A circle is a FLAT, ROUND FORM, it has NO BEGINNING and NO END, it has a CENTER, it looks very SYMMETRICAL.
Additionally a circle is relatively ABSTRACT, we do not find perfect circles in nature, but close approximations.
The full moon appears as a really nice circle.
If we cut a pineapple in the middle, its center looks like a circle.
Crop circles (believed by some to be produced by Aliens) are sometimes very good circular approximations.
Hold a small tree, stretch your arm, and walk around the tree. When you reach the starting point again, you have just constructed a circle.
We have found the basic property of circles here: At any position on the circle, our distance to the centre point (in our case: the tree) is the same.
Other constructional possibilities are a horizontal cut of a cone or the straight projection of a sphere.
In the mathematical language we formulate our observations like this: A circle is a two-dimensional geometrical form, whose points all have a constant distance from a common center point.
There are two very important technical aspects:
- Circles provide the largest area in relation to their periphery
- Forms with circular cross section (e.g. cylinders) provide the best possible stability against certain forces (pressure and torque)

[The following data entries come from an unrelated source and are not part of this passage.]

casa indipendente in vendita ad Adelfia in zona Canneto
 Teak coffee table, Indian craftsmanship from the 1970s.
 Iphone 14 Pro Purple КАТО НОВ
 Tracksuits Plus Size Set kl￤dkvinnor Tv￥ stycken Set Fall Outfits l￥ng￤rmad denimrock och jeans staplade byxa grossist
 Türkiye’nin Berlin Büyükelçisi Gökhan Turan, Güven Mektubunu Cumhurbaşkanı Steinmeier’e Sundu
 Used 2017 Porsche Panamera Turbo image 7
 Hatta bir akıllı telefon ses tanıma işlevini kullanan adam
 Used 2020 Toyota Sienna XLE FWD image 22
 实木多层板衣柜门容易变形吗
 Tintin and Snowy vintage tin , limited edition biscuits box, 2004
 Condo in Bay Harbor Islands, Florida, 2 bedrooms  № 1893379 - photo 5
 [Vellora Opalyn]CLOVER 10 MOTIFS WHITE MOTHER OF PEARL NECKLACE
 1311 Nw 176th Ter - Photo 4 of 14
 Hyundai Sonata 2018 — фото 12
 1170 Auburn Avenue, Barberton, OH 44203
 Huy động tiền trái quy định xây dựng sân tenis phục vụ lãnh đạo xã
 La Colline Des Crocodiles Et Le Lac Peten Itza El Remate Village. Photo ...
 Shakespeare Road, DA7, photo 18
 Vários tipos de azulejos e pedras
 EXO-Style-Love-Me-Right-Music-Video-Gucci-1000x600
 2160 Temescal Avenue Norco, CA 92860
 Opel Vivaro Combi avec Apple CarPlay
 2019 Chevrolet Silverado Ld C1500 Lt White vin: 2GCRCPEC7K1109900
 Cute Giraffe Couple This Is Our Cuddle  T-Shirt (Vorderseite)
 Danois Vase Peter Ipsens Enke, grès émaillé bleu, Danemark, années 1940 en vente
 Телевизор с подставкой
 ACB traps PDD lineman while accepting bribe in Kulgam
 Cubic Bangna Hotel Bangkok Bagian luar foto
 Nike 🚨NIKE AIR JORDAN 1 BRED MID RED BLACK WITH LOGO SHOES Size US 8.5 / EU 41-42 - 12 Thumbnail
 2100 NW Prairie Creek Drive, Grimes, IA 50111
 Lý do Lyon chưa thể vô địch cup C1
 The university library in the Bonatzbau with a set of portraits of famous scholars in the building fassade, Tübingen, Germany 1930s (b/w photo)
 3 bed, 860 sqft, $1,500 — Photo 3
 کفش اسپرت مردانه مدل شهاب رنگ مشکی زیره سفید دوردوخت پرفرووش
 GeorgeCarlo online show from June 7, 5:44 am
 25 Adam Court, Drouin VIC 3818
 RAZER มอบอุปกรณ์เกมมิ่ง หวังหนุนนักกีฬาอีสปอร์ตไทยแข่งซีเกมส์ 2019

- Ellipse: A circle can also be regarded as a special form of ellipse with coincidental focal points.
- Sphere: A sphere can be regarded as a three dimensional (rotating) circle.
- Straight line: Contradictory as it may sound, a straight line can be regarded as a circle with infinite radius. Very strange property of this straight circle – it has an infinite number of central points in infinity.
Try to draw a couple of circles free-handed. Calligraphers have perfected this technique and draw extremely exact circles.
As you may note there is not a single formula in this article - consciously:
We first have to transport concepts and make them comprehensible before we can start introducing formalistic languages.
A linguistic mathematical description is given (s. above), but abstract formulas are avoided to reduce fear of contact.
Math is by far not the only way to scientifically look at phenomena, as was shown here.
Besides, there should be the greatest possible variety of directions to develop knowledge by a network of links for each aspect.